In your doubt, in your fear, the Lord is with you. In your despair, in your loss of hope, he has united himself with you.


In Baptism and in his Body and Blood he binds himself to you in such a way that he suffers along with you; in your affliction, he is afflicted. He is not standing far off observing, but is dwelling with you in such a way that your life is taken up into his. You are, as the Apostle Paul puts in, in Christ. [Romans 8:1; 1 Corinthians 1:30]


What of you doesn’t belong to him? With his own blood he ransomed you. He purchased you out of sin and death; he transferred you from the kingdom of darkness into his marvelous light. Of all your problems and fears, all your doubts and failings, what does he not suffer along with you?

“The Lord is with you,” such kind words of encouragement given to one Christian to speak to another.


It’s in his Name. “Behold, the Virgin shall conceive and bear a son, and they shall call his name Immanuel,” said the prophet Isaiah. Immanuel means, God with us.


Now the angel comes to Mary,

“Greetings, O favored one, the Lord is with you.”

[Luke 1:28]


“The Lord is with you”—that’s Immanuel. That’s the promise Isaiah gave. Mary will call him “Jesus,” which in the Hebrew means “Yahweh saves,” or, in our translations, “the Lord saves.”


The Lord who saves is the Lord who is with you, your Immanuel.


Or flip it around: the Lord who is with you, your Immanuel, is Jesus, the Lord saving you.



So the kindness of that angelic word: “Greetings, O favored one, the Lord is with you.”


He is with Mary in such a way as he is with no other. With her in her lowly estate, bringing to her the gift of conceiving a child, so that she is now to be known as the mother of God-in-the-flesh, Immanuel.


It is you, Mary, upon whom the Holy Spirit will come, and you will find yourself under the shadow of the power of the Most High God.


It comes down to Mary.


All the history of the promise given to Adam and Eve of a Redeemer to come from Eve’s lineage to crush the head of Satan and save the sinner.


And the history of the promise to Abraham that from his lineage would come a greater Son to give the sacrifice to cleanse all nations, and the promise to Israel that from David’s lineage God would raise up a greater Son to be the Savior for every sinner.


It all comes down to Mary.

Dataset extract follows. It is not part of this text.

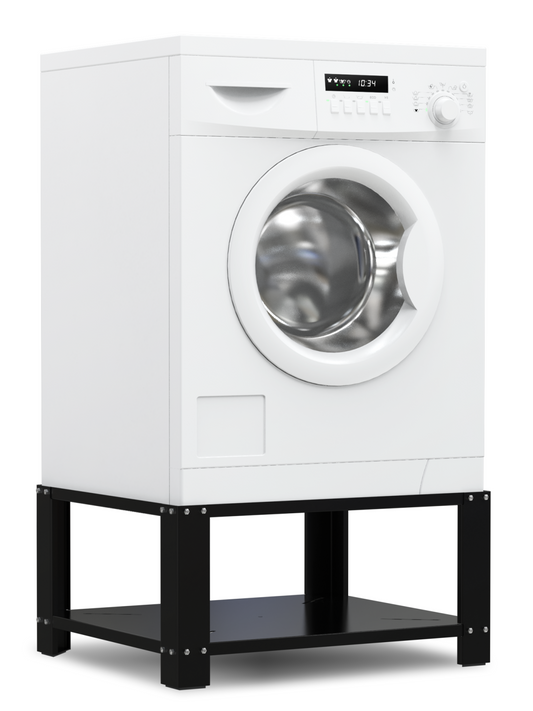 Wasophoogte Wasmachine Verhoger - 31cm Hoog - Wit - Universeel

The Lord is with you, said the angel, and you will call him Jesus.


Once God comes in the flesh as Mary’s Son, once she is named as Mother-of-God, most honored among women, it comes down to Mary.


For no one will know God, no one will be able to find God in his grace and salvation, except that they know the Son who came forth from Mary’s womb as the flesh-and-blood little baby to be with those of flesh and blood.  (Any other god spoken of on Earth, any other place we turn to find rescue from sin, is not real but an impostor, like laying a plastic doll up next to a real flesh-and-blood baby.)



And now it comes to you and me. Maybe it seems unlikely, maybe even a bit presumptuous, but it comes down to you and me.


For Jesus came to be with the sinner.


He dwelled with Mary for a time, in her womb, and in her arms as a child—she stands as most blessed among women.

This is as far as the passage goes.